On Sept, 15 an American Perfume company-a Chicago perfume company, if we want to be exact - will launch a double fragrance called "Man and Woman" Jovan will spend $2 million on TV commercials, and if you tune in "Baretta" or "Charlie's Angels" you can see for yourself what has been happening to the perfume industry in America.

For now, it is enough to know about the packaging. Packaging, as the smell people will tell you, is really half the battle. "Packaging," the Jovan people write in their deep-breather promotions, is "as explosive, as potent and as memorable as the fragrances with. Bottles as beautiful as a Brancusi."

As it happens, Jovan did not go to Brancusi for their new scent bottles. They went to a Frenchman named Pierre Dinand. And the result was that the "woman" bottle is shaped like a breast. And the "Man" to quote one licentiously poetic industry source, "is shaped like a nose."

The question for Jovan and all the smell people is: Will this new scent be as big as musk? Musk. Jovan executive vice Parry Shipp says, "is a once-in-a-lifetime deal." Most perfume people like to talk this way. They deal, after all, in essences so ephemeral, they need superlatives to give them substance.

But Barry Shipp, whose idea it was to push musk oil in '72, is simply talking business when he uses hyperbole.

It was because of musk that Jovan went from a little company to a bigger one-with $50 million last year in sales, half of which came from musk.

You are perhaps now asking yourself: What is musk? You may harbor visions perhaps of a herd of musk deer all throwing themselves into scent bottles. This not the case with Jovan musk oil.

Musk deer from India and Tibet are very, very rare, so the fragrance is made from a molecular reconstruction of old musk and a coal derivative. But that is not the point.

The point is that nowadays a lot of men and women want to go around smelling like Tibetan deer.

The point is that nowadays a lot of men and women don't want to go around smelling like men and women. Not even when they wear "Man and Woman."

Ten years ago American women bought $250 million worth of perfume a year. It took a while to get us to that stare, since in the Victorian era and for some time after, ladies who went in for anything stronger than "Florida Water" were considered hussies.

But 10 years ago, American women wore their scents, as one industry lady. "Two bottles lasted a woman a way." A little on the wrists, the neck and inside the elbow.

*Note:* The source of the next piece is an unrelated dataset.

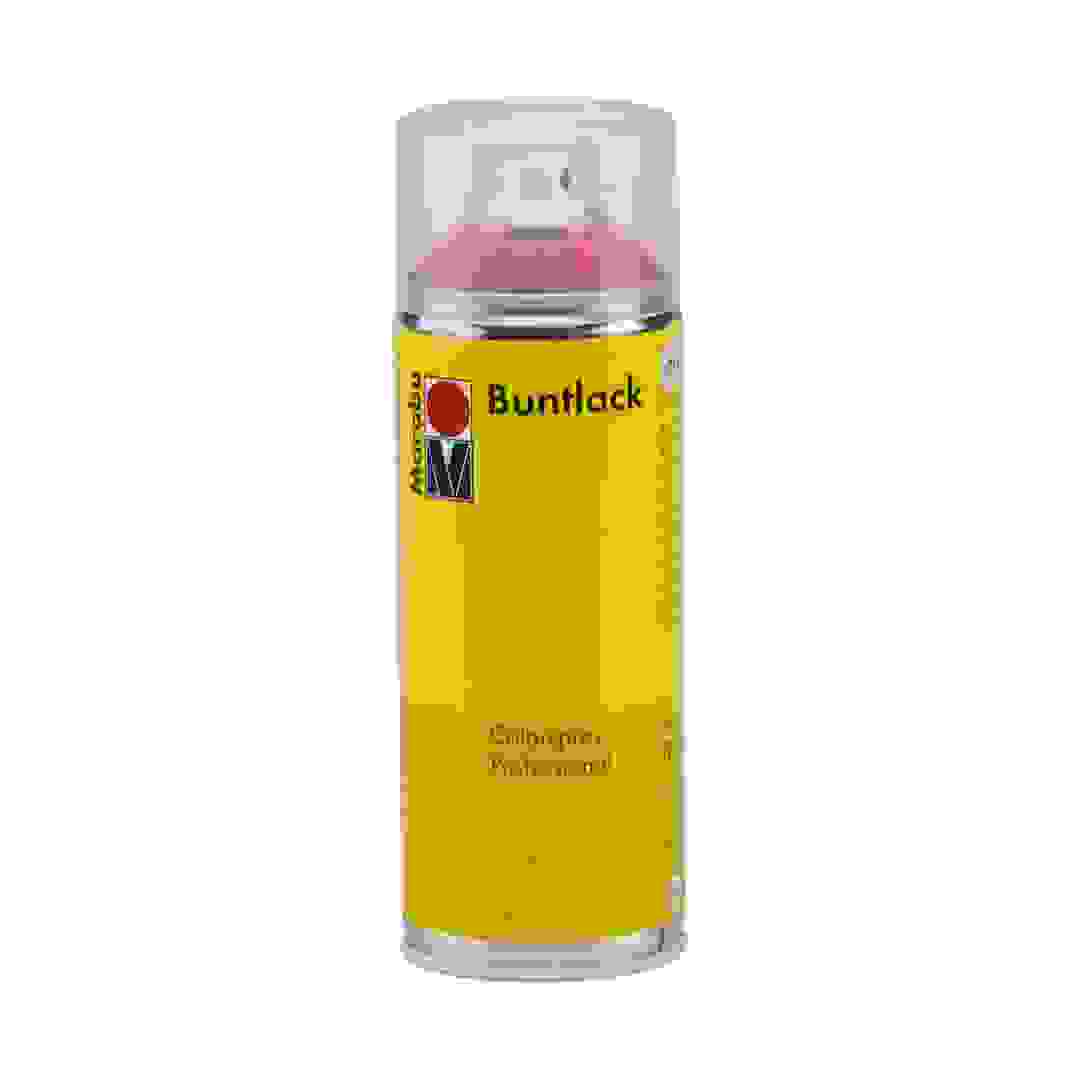 Marabu Buntlack Spray (Red, 400 ml)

A dab of "Arpege," "Joy" or "Chanel No. 5." just before they rushed out the door. Saturday night scents.

"Two bottles." mourns the industry lady. "Two bottles lasted a woman a whole year. Maybe she got one for her birthday and one for Christmas."

Well, you can just imagine how thrilled the smell people were with that kind of inconspicous consumption.

"The question," says the industry lady, "was how to get her to use it every day in a lavish way. To make lavish use a part of the American fragrance. In part we did this through TV advertising. Showing her splashing it all over her body.

And boy, did that work. These days American women buy $1.3 billion worth of perfume. That's the projected sales for this year from the Fragrance Foundation.

American men are buying scents to the tune of $950 million. It took quite a while to turn them on to scents, males in this country having long assumed that anything more delicate than "Canoe" was sissified: and Fanberge takes a lot of the credit for their slow conversion.

"Brut," says a company spokesperson, "was the first men's cologne to make (wearing it) the manly thing to do."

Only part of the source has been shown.